Why cancel this listener? Actually, the main reason is to avoid mutual interference between operations. Imagine that User A initiates a topic deletion, while User B adds partitions to this topic at the same time. In this case, these two operations will conflict with each other. If the Controller is allowed to process both operations simultaneously, it will cause logical confusion and inconsistent state. To deal with this situation, before removing the replica and partition objects of a topic, the code needs to execute this method first to ensure that it no longer responds to other operations on that topic initiated by users.

The implementation principle of the mutePartitionModifications method is very simple. It calls the unregisterPartitionModificationsHandlers and then calls the unregisterZNodeChangeHandler method of KafkaZkClient to cancel the listener for data changes on the partition nodes of the given topic on ZooKeeper.

4. sendMetadataUpdate

It calls the sendUpdateMetadataRequest method of KafkaController to send an update metadata request to all Brokers in the cluster, telling them to stop serving partitions of the deleted topics. The code is as follows:

override def sendMetadataUpdate(partitions: Set[TopicPartition]): Unit = {
  // Send an UpdateMetadataRequest to all Brokers in the cluster
  // to notify them of the state changes for the given partitions
  controller.sendUpdateMetadataRequest(
    controller.controllerContext.liveOrShuttingDownBrokerIds.toSeq, partitions)
}

This method sends an update metadata request to all Brokers in the cluster to inform them of the state changes for the given partitions.

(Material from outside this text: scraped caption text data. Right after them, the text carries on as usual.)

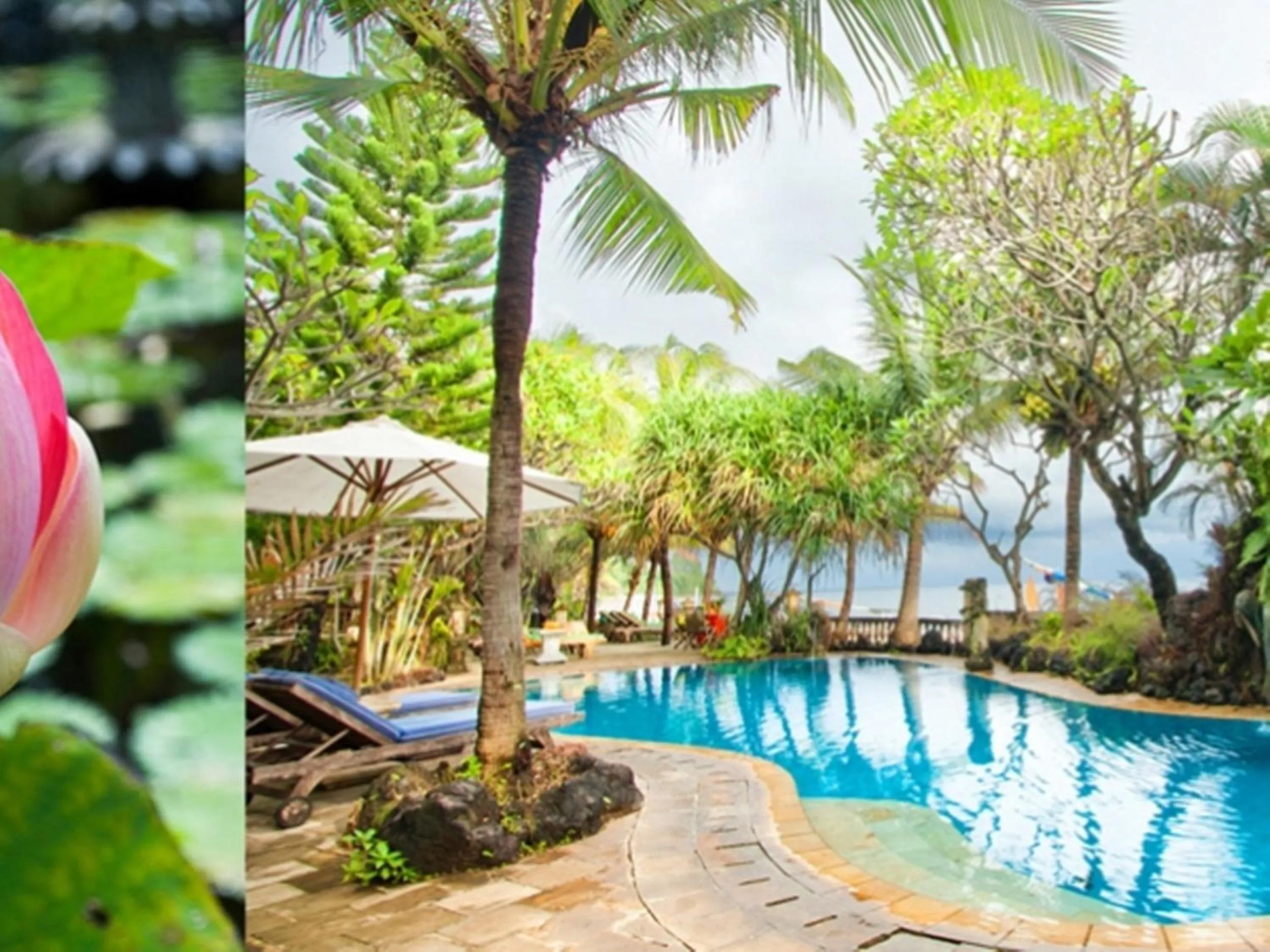 Swimming pool in Apa Kabar Villas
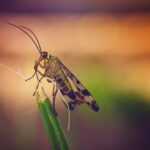 River Systems: Fly Fishing, Global Exploration, Conservation Efforts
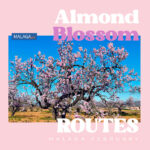 Almond Blossom Routes in Malaga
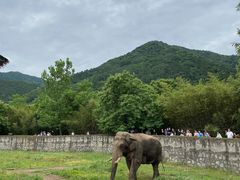 -西安秦岭野生动物园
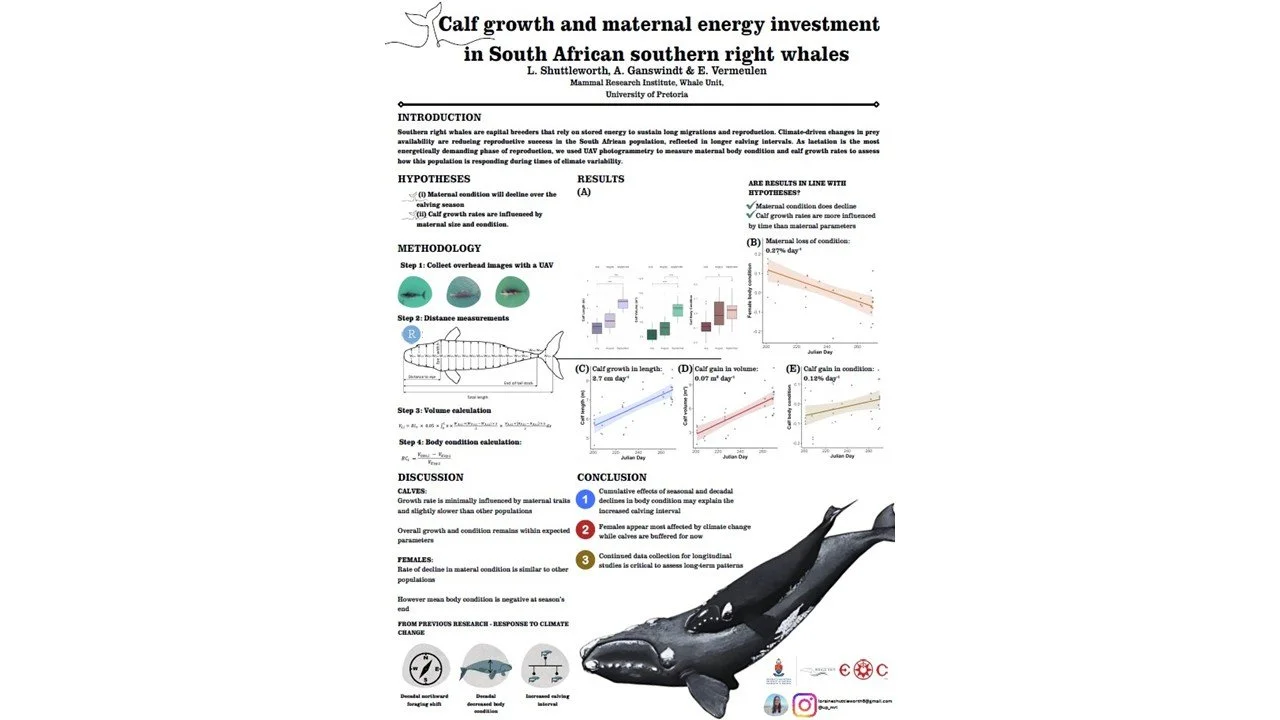 14th Oppenheimer Research Conference - Loraine Shuttleworth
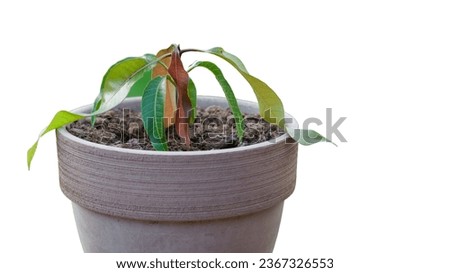 Mango tree plant in flowerpot growth from the seed. Isolated on white background. Houseplant.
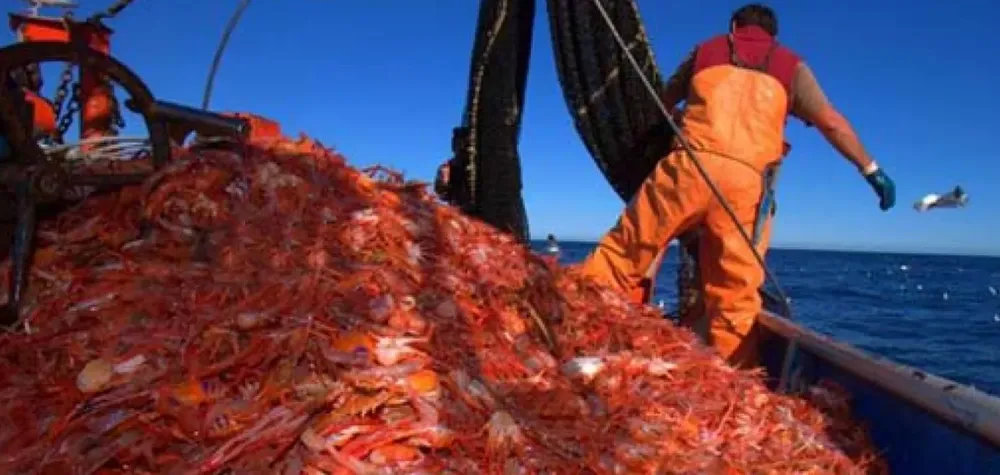 Shrimp Solutions busca producir pellets nutricionales a partir de las 30 mil toneladas de residuos de langostino anuales en Chubut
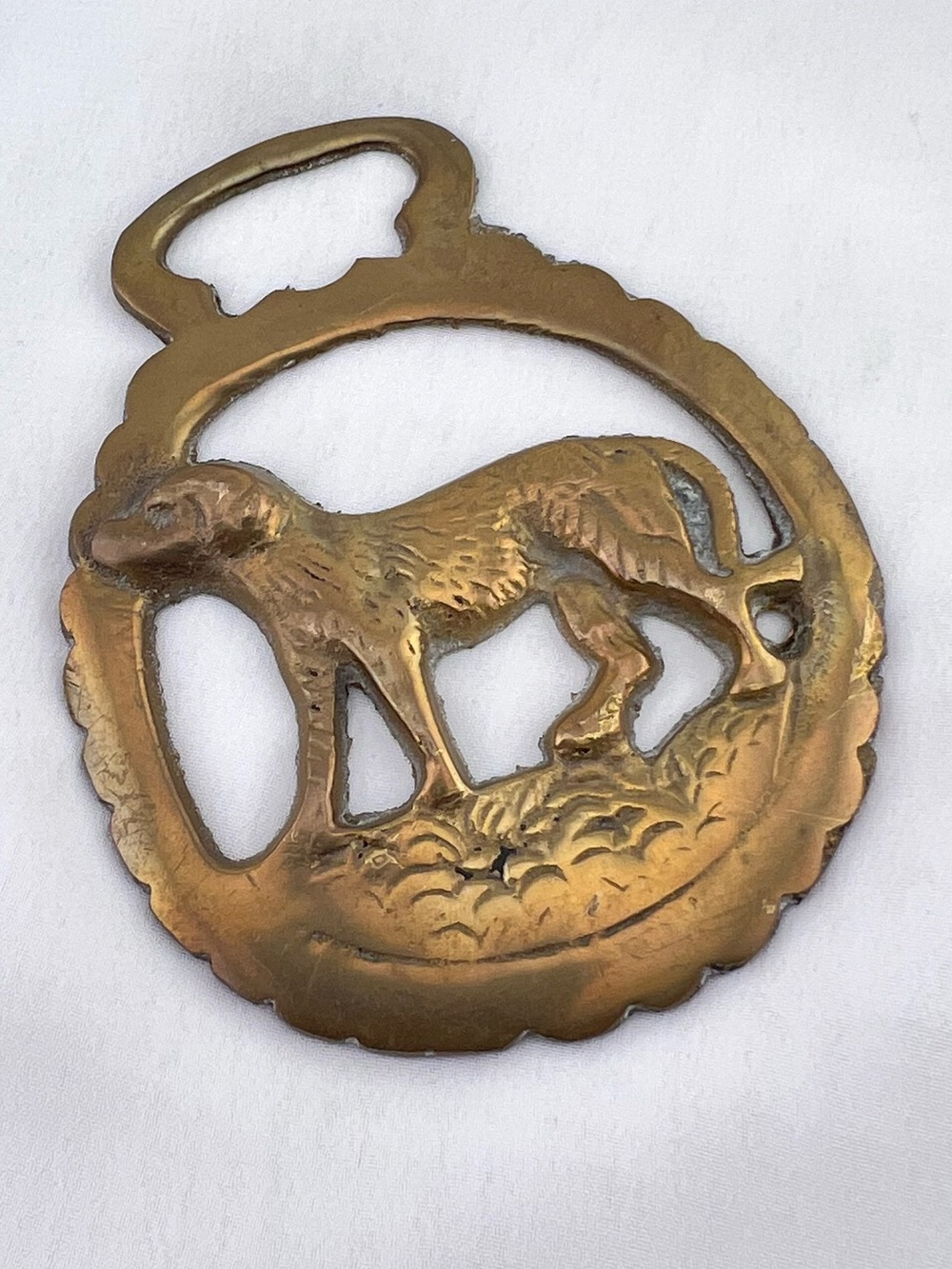 Brass Horse Medallion Antique English Hunt Hound Retrieve Pup Dog Parade Harness
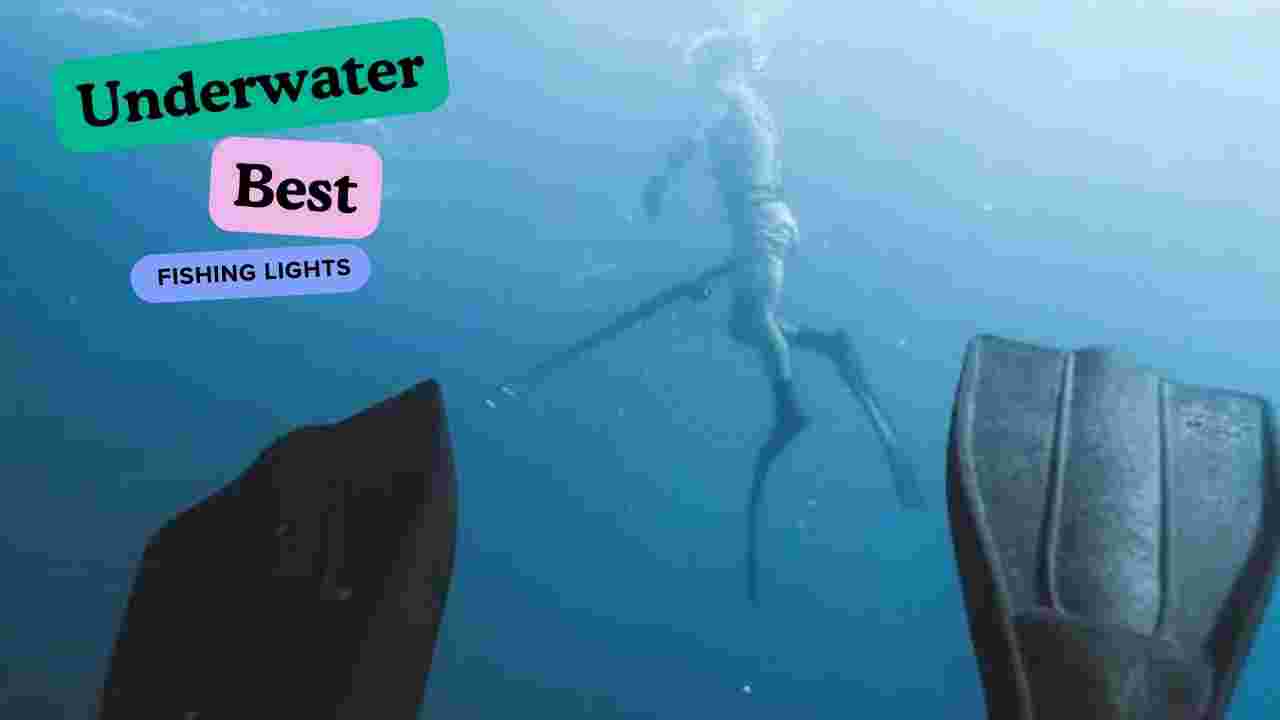 Best Underwater Fishing Lights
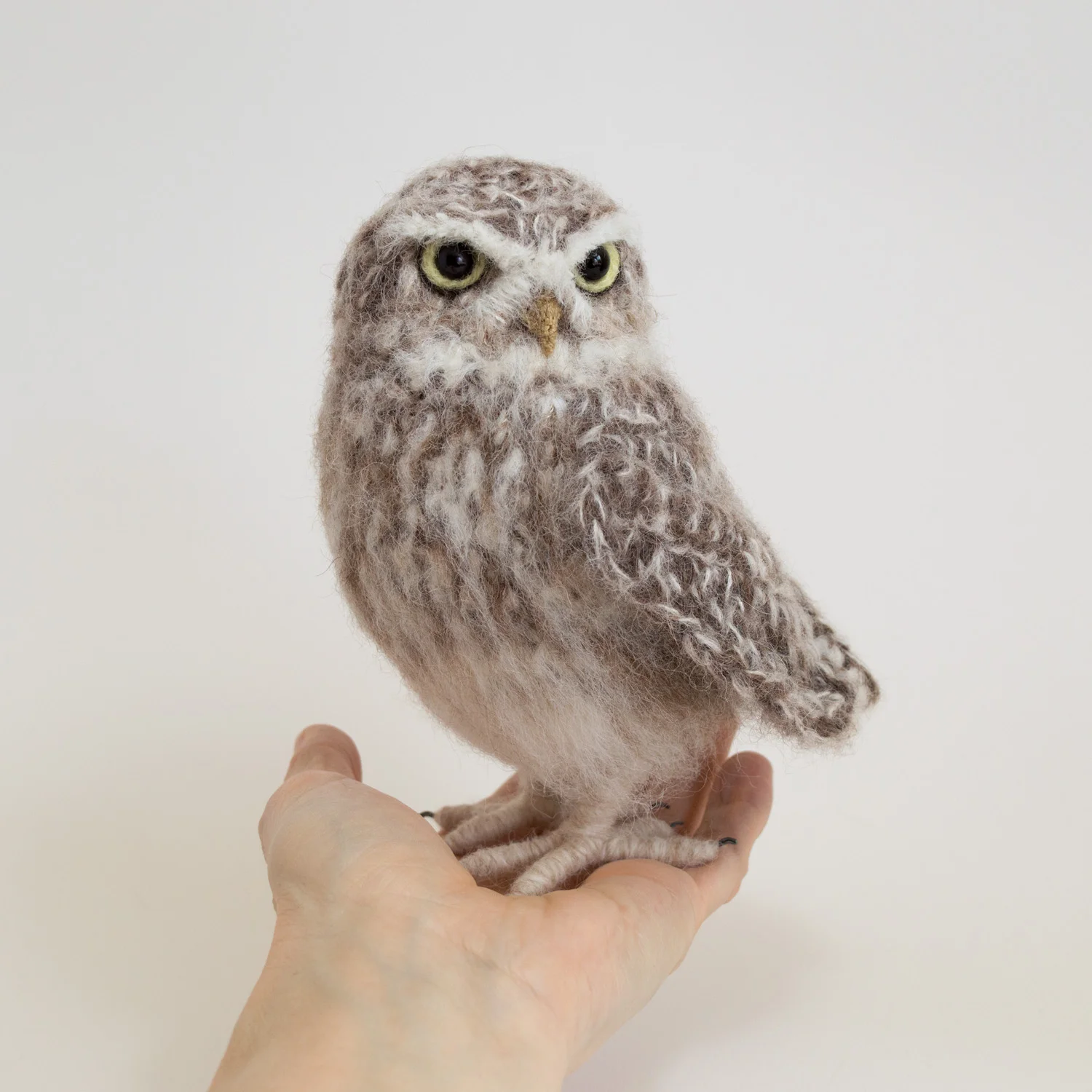 2019 Little Owl in hand 13 1500px.jpg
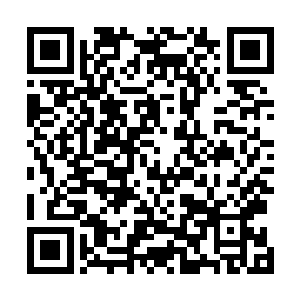 虽然在宗翰的督促下老大不情愿的率领一半亲卫谋克南下二维码生成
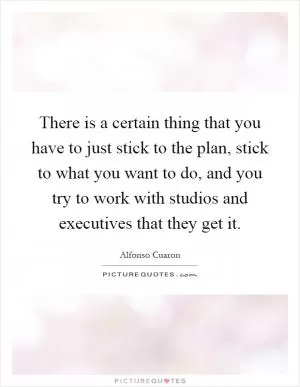 There is a certain thing that you have to just stick to the plan, stick to what you want to do, and you try to work with studios and executives that they get it Picture Quote #1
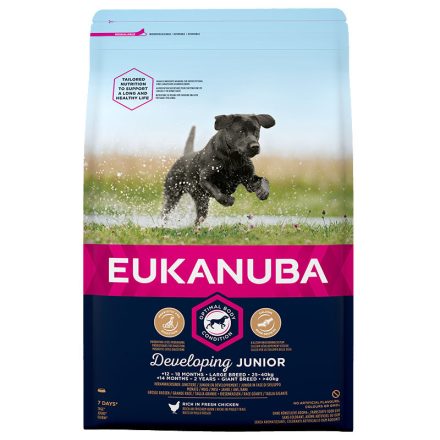 -Eukanuba Junior Large 3kg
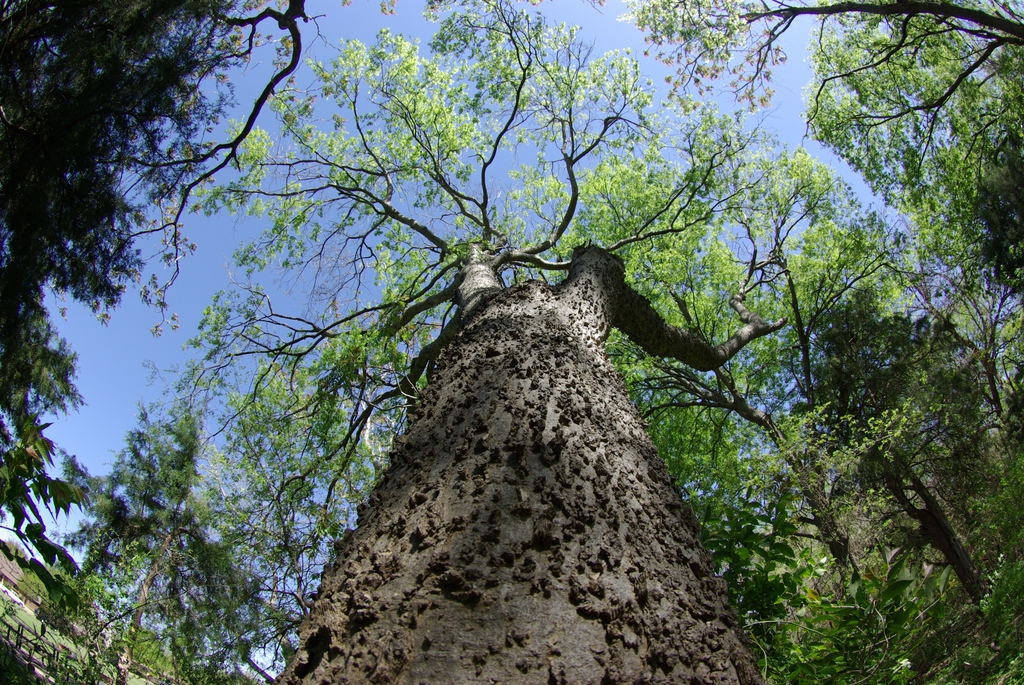 Corky bark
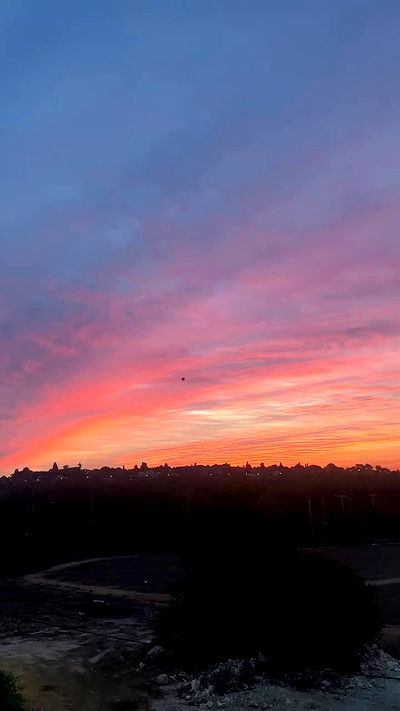 alice.skym alice.skym archive video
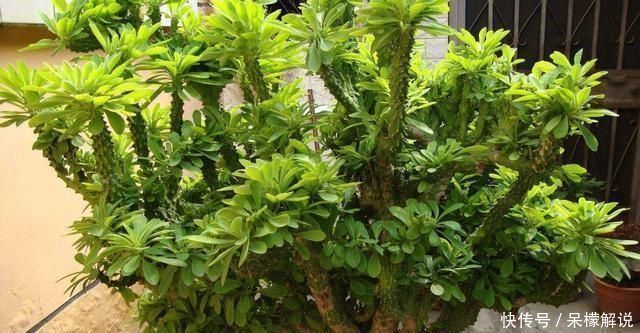 盆栽|门口养了一棵“气派花”,生命力强很养眼,寓意好能镇宅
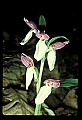 01108-00035-Showy Orchis, Galearis spectabilis.jpg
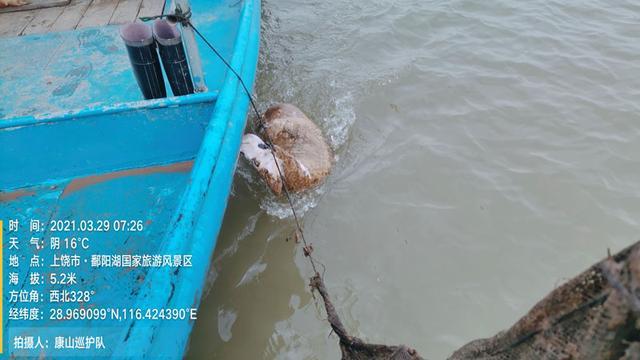 鄱阳湖现死亡江豚 官方回应：内脏腐烂死因难确定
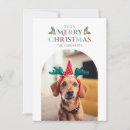 Search for mistletoe cards Modern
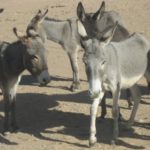 Âne du Gourma Mali Donkey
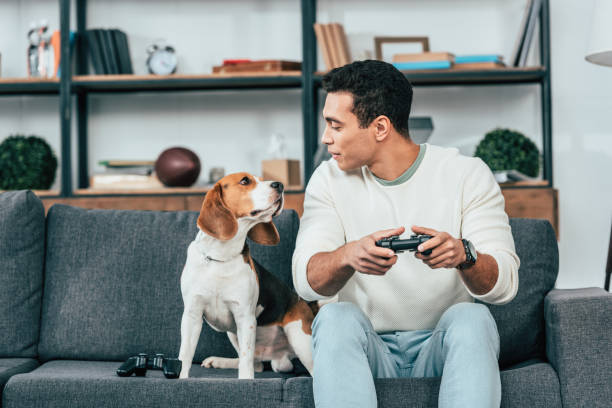 istock Smiling young man with gamepad sitting on sofa and looking at dog 1166254599
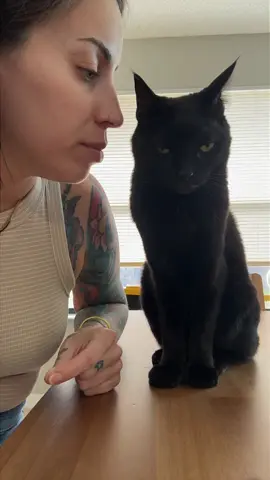 The blatant disregard.. The side step away took me out 🤣. #PetsOfTikTok #catsoftiktok #blackcatsoftiktok #fyp #fypシ 
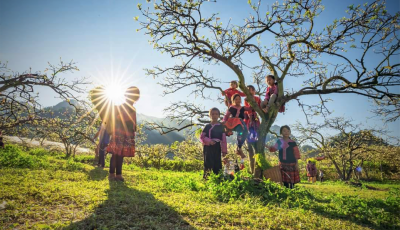 Vietnam Photo Tour to Sapa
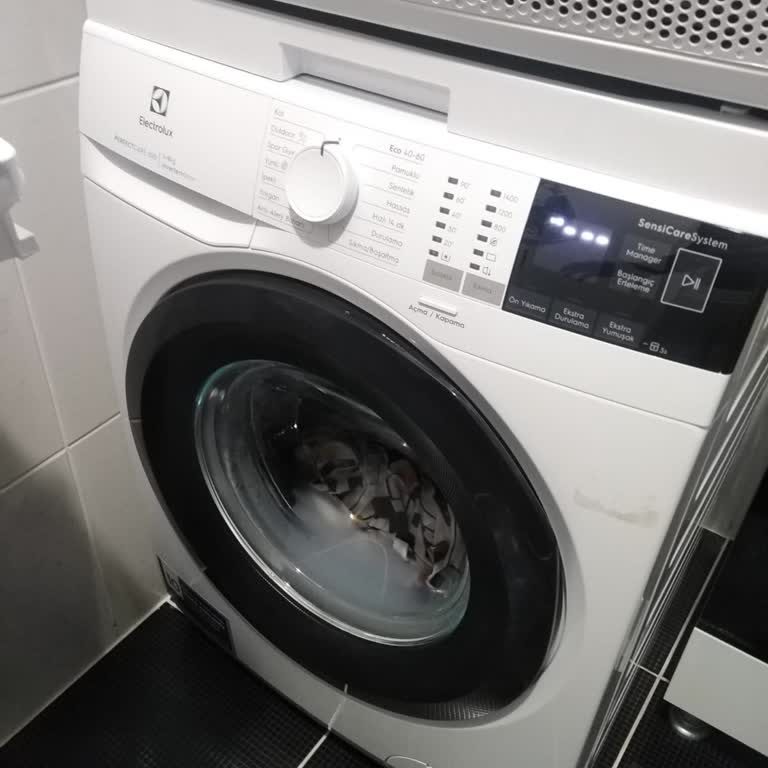 Electrolux Perfectcare 600 Çamaşır Makinesinin Sürekli Kendiliğinden Sıfırlanması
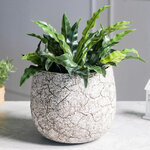 Декоративное кашпо Эрмосильо 21*19 см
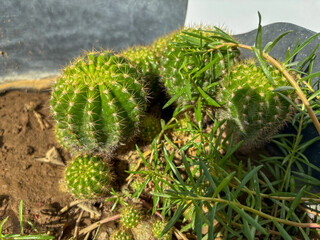Close-up of Spiky Green Cacti Garden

Definition and Initialization of TopicDeletionManager #

With this background, let’s take a look at the main entry point of the topic deletion manager: the TopicDeletionManager class. The definition code for this class is as follows:

class TopicDeletionManager(
  // KafkaConfig class, saves broker-side parameters
  config: KafkaConfig,
  // Cluster metadata
  controllerContext: ControllerContext,
  // Replica state machine, used to set replica state
  replicaStateMachine: ReplicaStateMachine,
  // Partition state machine, used to set partition state
  partitionStateMachine: PartitionStateMachine,
  // DeletionClient interface, implements topic deletion
  client: DeletionClient) extends Logging {
  this.logIdent = s"[Topic Deletion Manager ${config.brokerId}] "
  // Whether topic deletion is enabled
  val isDeleteTopicEnabled: Boolean = config.deleteTopicEnable
  ......
}

This class has six main attributes, let’s take a look at each of them:

config: An instance of the KafkaConfig class, which can be used to get the value of the delete.topic.enable parameter on the broker side. This parameter controls whether topic deletion is allowed, and its default value is true, which means Kafka allows users to delete topics.
controllerContext: Metadata information stored on the controller side. Deleting a topic requires updating cluster metadata, so the TopicDeletionManager needs to use methods from controllerContext to update the data it stores.
replicaStateMachine and partitionStateMachine: The replica state machine and the partition state machine. They are responsible for the state transitions of replicas and partitions, respectively, in order to maintain the consistent state of replica objects and partition objects in the cluster. These two state machines are important knowledge points in the subsequent lessons.
client: The DeletionClient interface mentioned earlier. The TopicDeletionManager uses this interface to perform the corresponding updates of nodes on ZooKeeper.
isDeleteTopicEnabled: Indicates whether a topic is allowed to be deleted. It is the value of the delete.topic.enable broker-side parameter, and its default value is true, indicating that Kafka allows topic deletion. This field is heavily used in the source code to determine the deletability of topics. The main purpose of the previous config parameter is to set the value of this field. After being set, config is no longer used in the source code.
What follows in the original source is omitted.